- [What to work on] Search the listing below for the line with "image:imageLings Moment Artificial", then write out that line and every one after it exactly, without the pictures.
** Opening Data listing block **
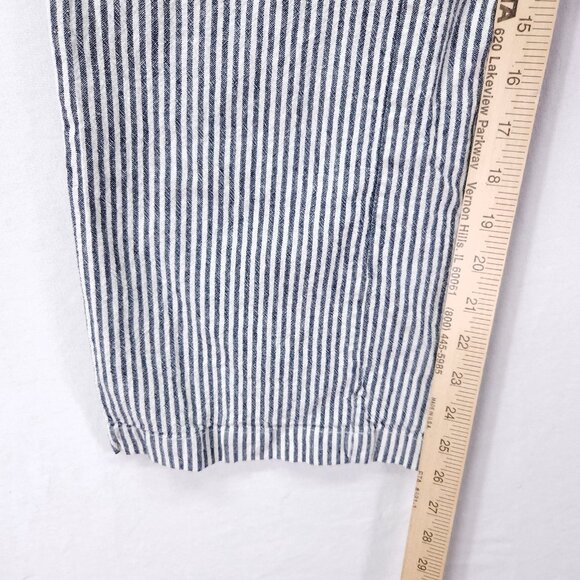 Lykke Wullf Basil Striped Linen Pants Size XS Cropped Wide Leg - Picture 6 of 15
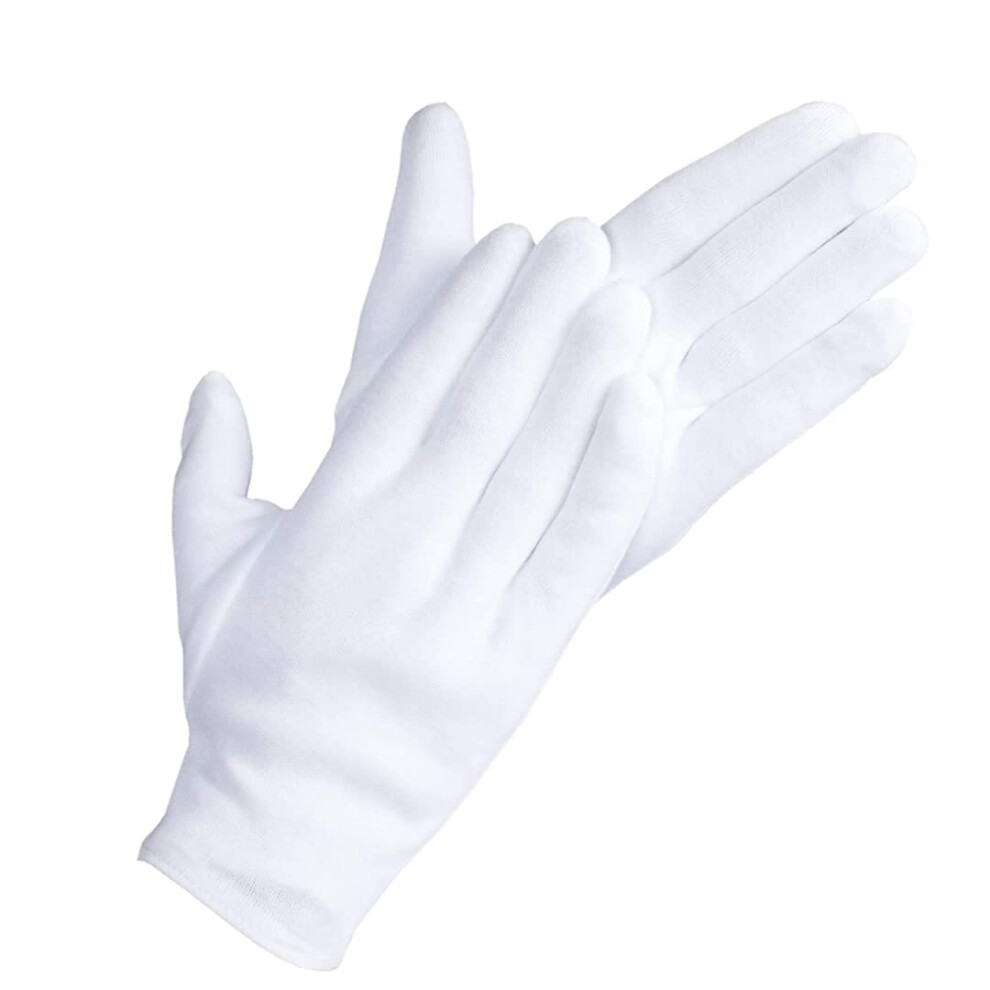 Dovortex White 4 Pcs Cotton Gloves| Cotton Gloves For Eczema| Cotton Gloves For Dry Hands| Moisturizing Gloves | Inspection Gloves| Coin Handling And Jewelry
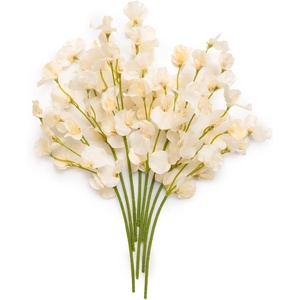 image:imageLings Moment Artificial Sweet Pea Flowers 8pcs Butter Yellow Fake Sweetpea with Stems Bulk Faux Silk Sweet Peas Wedding Filler Flower for Outdoors Centerpieces Bouquet Floral Arrangments DecorationWhtcream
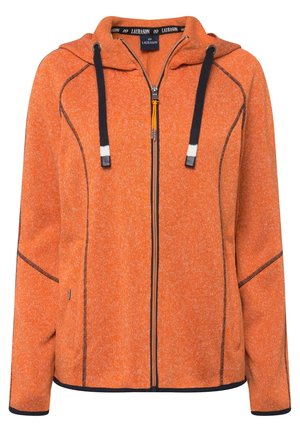 Oranje fleecejack met een rits aan de voorkant, contrasterende zwarte accenten, een verstelbare capuchon en zijzakken. Gelaagd materiaal met een zachte afwerking.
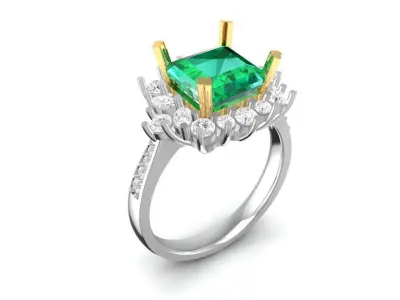 Luxury Emerald Cut Halo Diamond Ring 71 3D print model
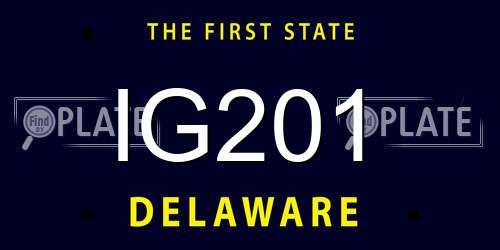 IG201 Delaware License Plate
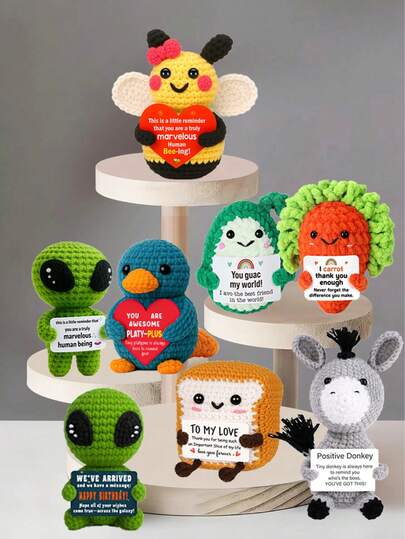 1pc Handmade Crocheted Desktop Decor Figurine, Whimsical Sci-Fi Character Animal Plant Shaped Doll, Cute Cartoon Style Gift For Best Friend, Birthday, Sister, Mom, Grandma, Coworker, Family, Positive , Creative Party Favor, Mother's Day, Thanksgiving Gift, Children's Plush Doll, Room Desk Decoration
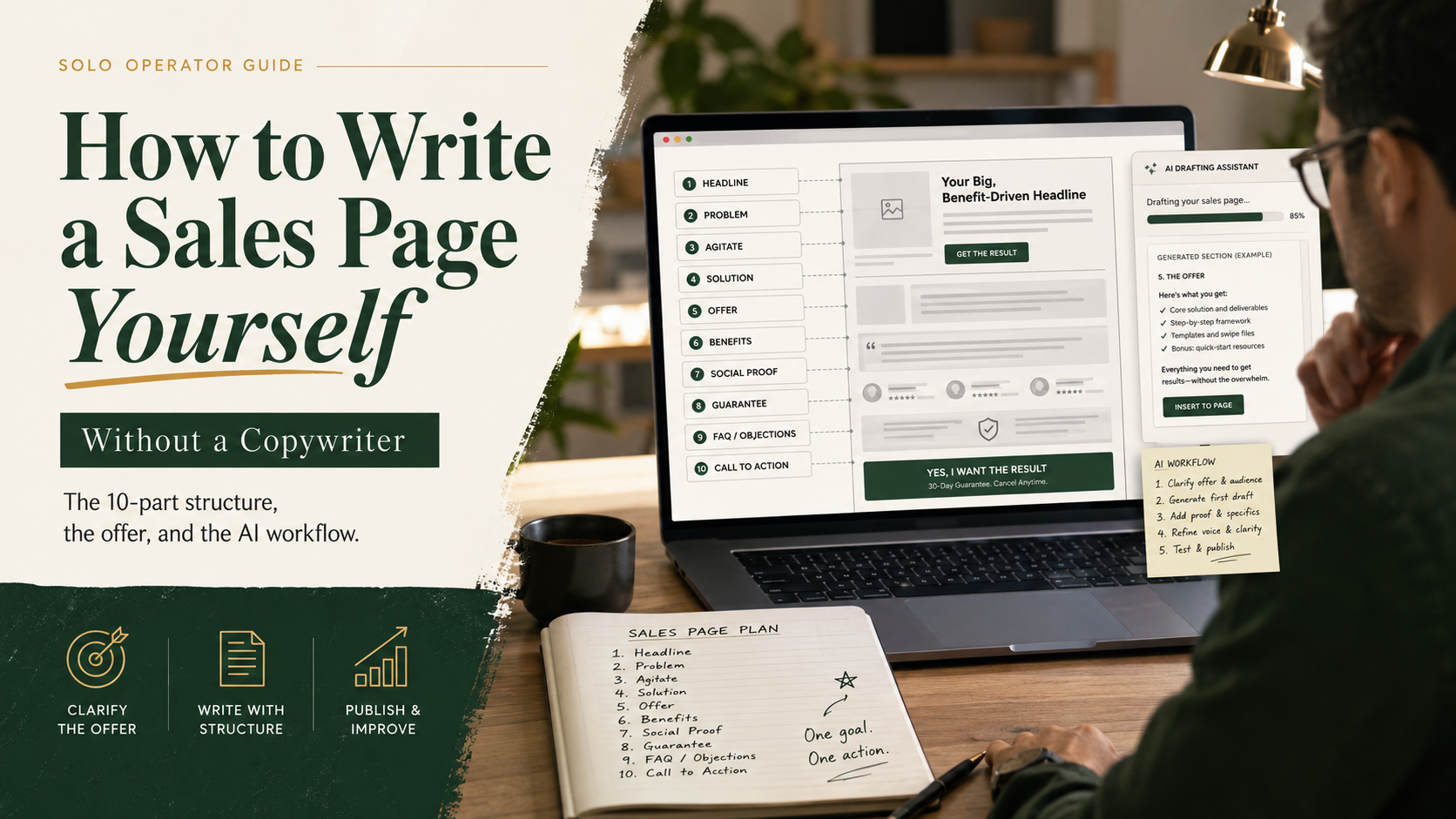 How to write a sales page yourself — the 10-part sales page structure with AI drafting assistant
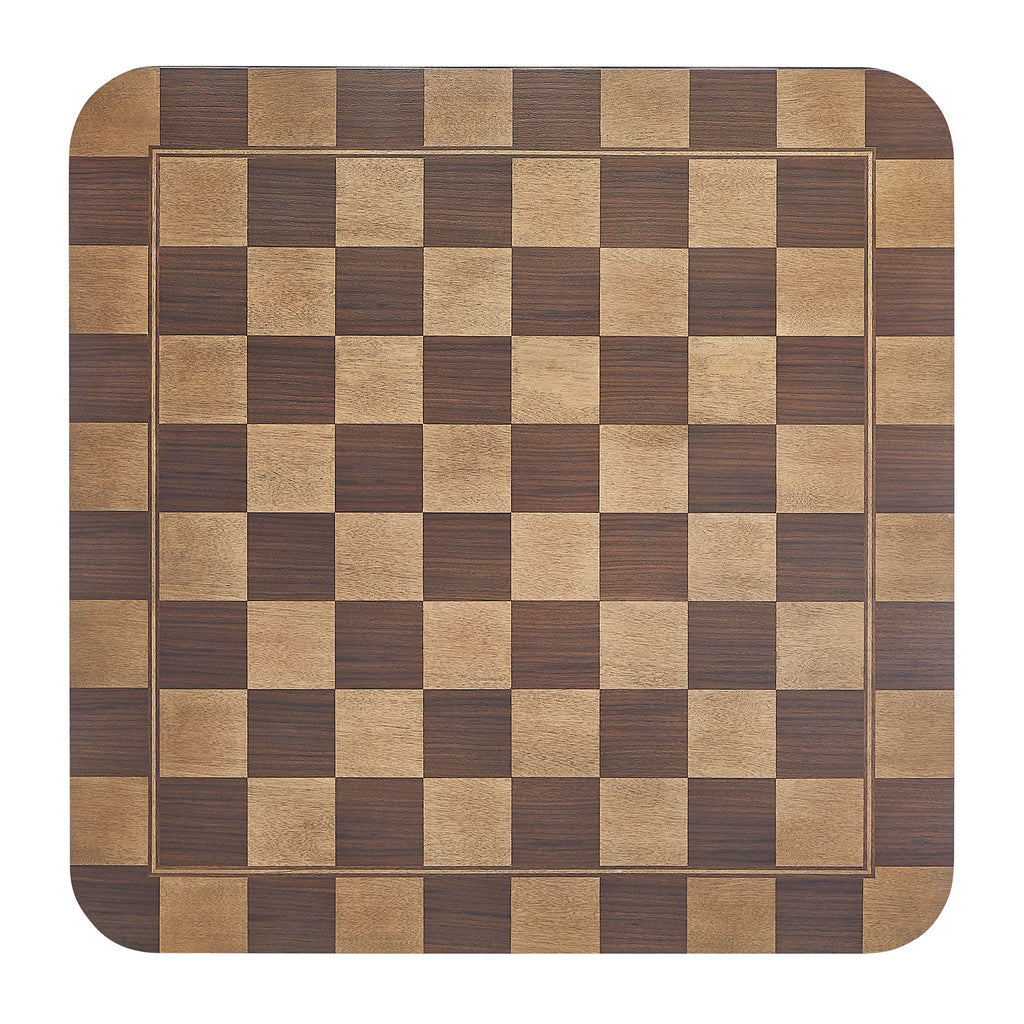 Oscar 36 Inch Square Checkered Dining Table - Walnut and Dark Walnut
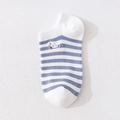 Calcetines invisibles a rayas azul claro con bordado de oveja blanca para mujer - 1 Par / Rayas Anchas Azules y Blancas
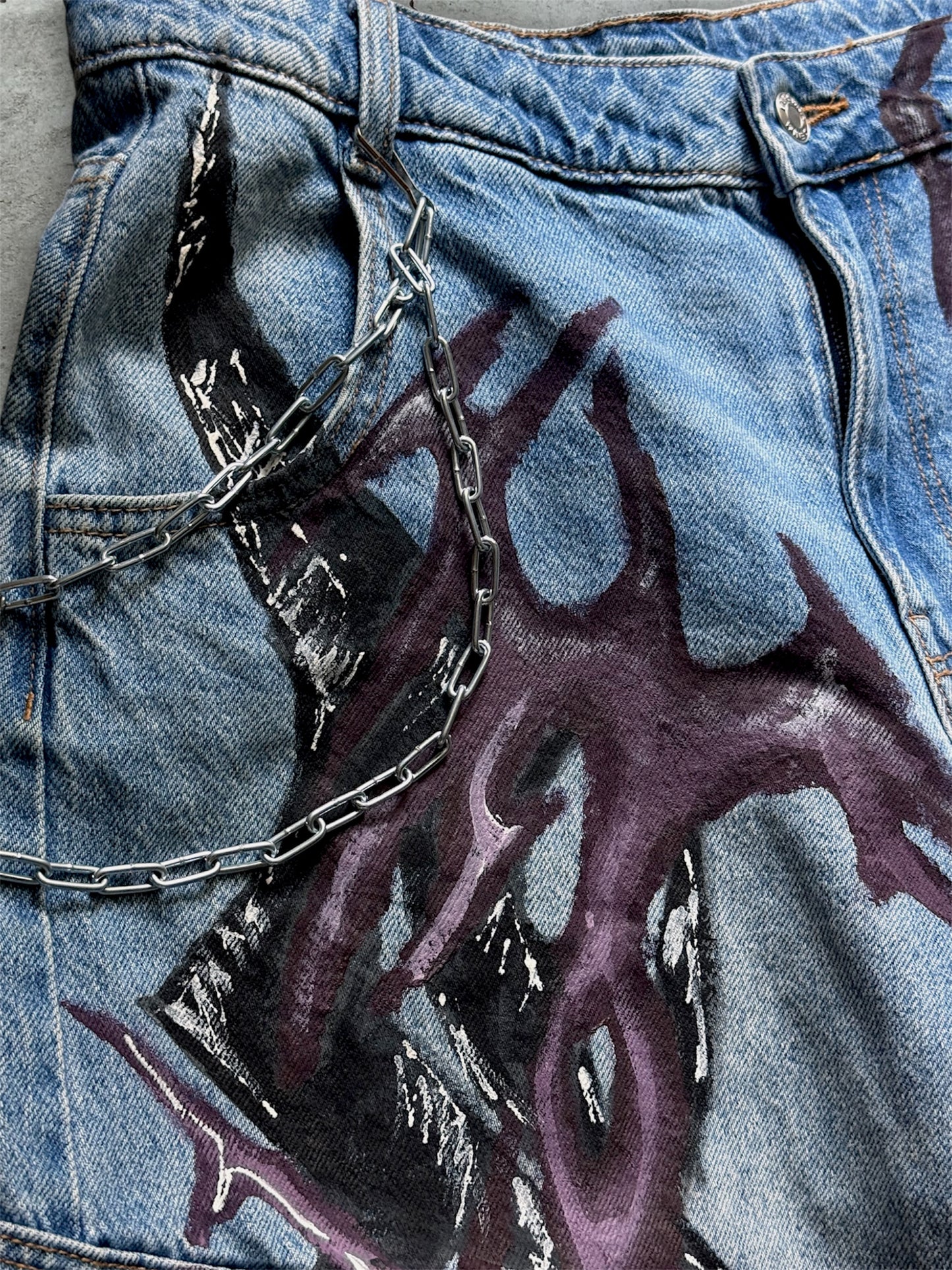 1/1 blue upcycled hand painted jorts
** Closing Data listing block **
- [Expected answer]
 image:imageLings Moment Artificial Sweet Pea Flowers 8pcs Butter Yellow Fake Sweetpea with Stems Bulk Faux Silk Sweet Peas Wedding Filler Flower for Outdoors Centerpieces Bouquet Floral Arrangments DecorationWhtcream
 Oranje fleecejack met een rits aan de voorkant, contrasterende zwarte accenten, een verstelbare capuchon en zijzakken. Gelaagd materiaal met een zachte afwerking.
 Luxury Emerald Cut Halo Diamond Ring 71 3D print model
 IG201 Delaware License Plate
 1pc Handmade Crocheted Desktop Decor Figurine, Whimsical Sci-Fi Character Animal Plant Shaped Doll, Cute Cartoon Style Gift For Best Friend, Birthday, Sister, Mom, Grandma, Coworker, Family, Positive , Creative Party Favor, Mother's Day, Thanksgiving Gift, Children's Plush Doll, Room Desk Decoration
 How to write a sales page yourself — the 10-part sales page structure with AI drafting assistant
 Oscar 36 Inch Square Checkered Dining Table - Walnut and Dark Walnut
 Calcetines invisibles a rayas azul claro con bordado de oveja blanca para mujer - 1 Par / Rayas Anchas Azules y Blancas
 1/1 blue upcycled hand painted jorts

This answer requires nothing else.